Sure, most of the movie’s focus is on the psycho fan/girlfriend and Clint Eastwood’s reaction to her. But in several scenes, the eye is just as surely drawn to Clint’s bright gold pants.

Yes, gold pants.

Gold was all the rage in the early ’70s. Interestingly, 1971 was the year that the gold standard was demolished by President Nixon in the U.S. But in the fashion and design world, the color gold had reached a zenith. In many ’70s homes, appliances were gold (or else “avocado” green, yuck) and bathroom fixtures were gold. When I was a youngster, my parents installed gold carpet in our house. So why not pants, even on a macho guy like Clint?

I used to disdain gold. I remember ripping out that old carpet with some glee. But now, I’ve seen a gold revival emerging in the design world, and inspired by its long-forgotten virtues, I’ve decided to “go for the gold” in my quilt projects.

Here is my new favorite shade in a “modern” quilt block.

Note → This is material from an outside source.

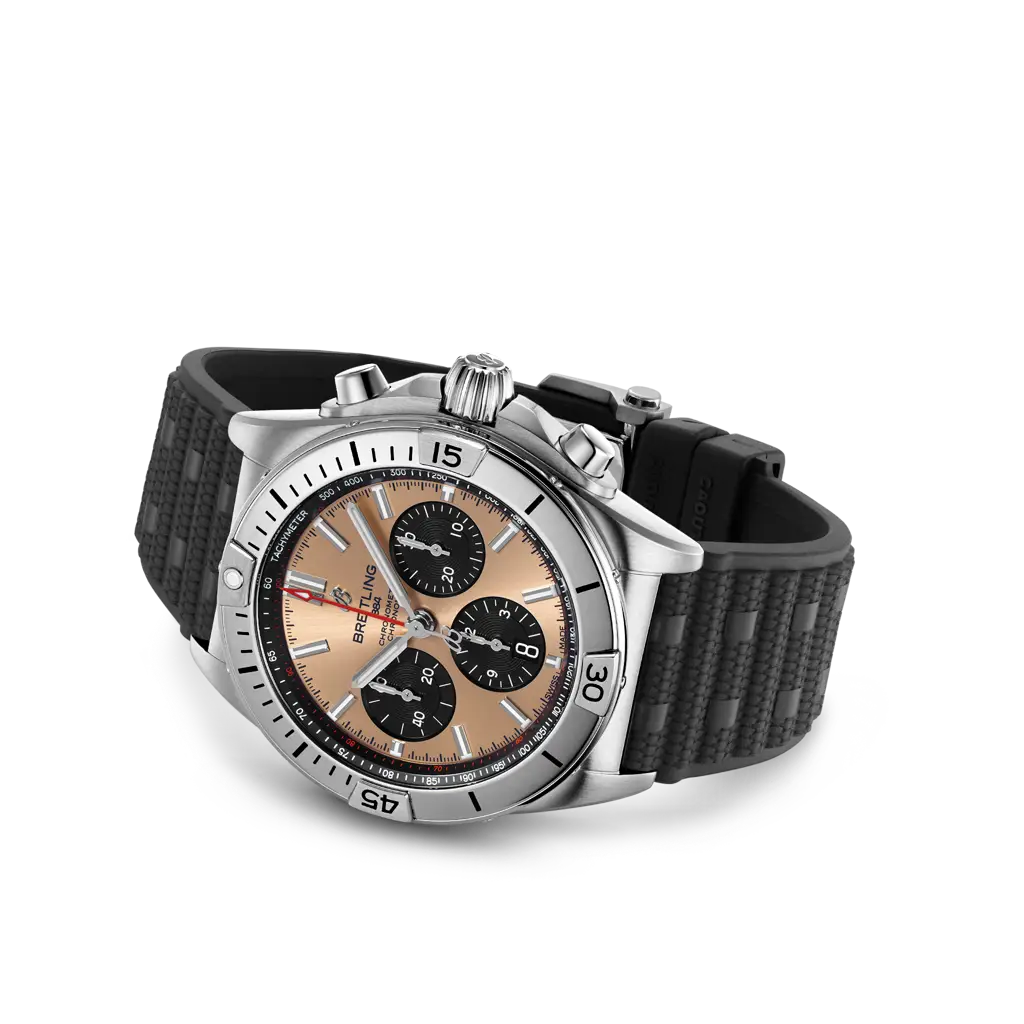 Chronomat B01 42 - AB0134101K1S1 | Breitling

This block is part of my new quilt project, a simple but awesome pattern from City Quilts. I am in love with this book and the colors that quilt artist Cherri House chose for her pieces! She focuses on bright solids. The book’s been my bedtime reading lately, and the beauty of it positively keeps me up at night.

Here are a few more of the solid colors involved in this project. The gold really makes the pinks, purples and reds pop, don’t you think?

I also have another quilt in the works (my house top blocks) that combines yellow, gold, pink, red and purple, so I must be an analogous-color kind of girl these days. Come to think of it, I’m using the whole range of colors on the “warm” side of the spectrum.

Since this is another gift quilt, I’m keeping the rest under wraps for now. More to come!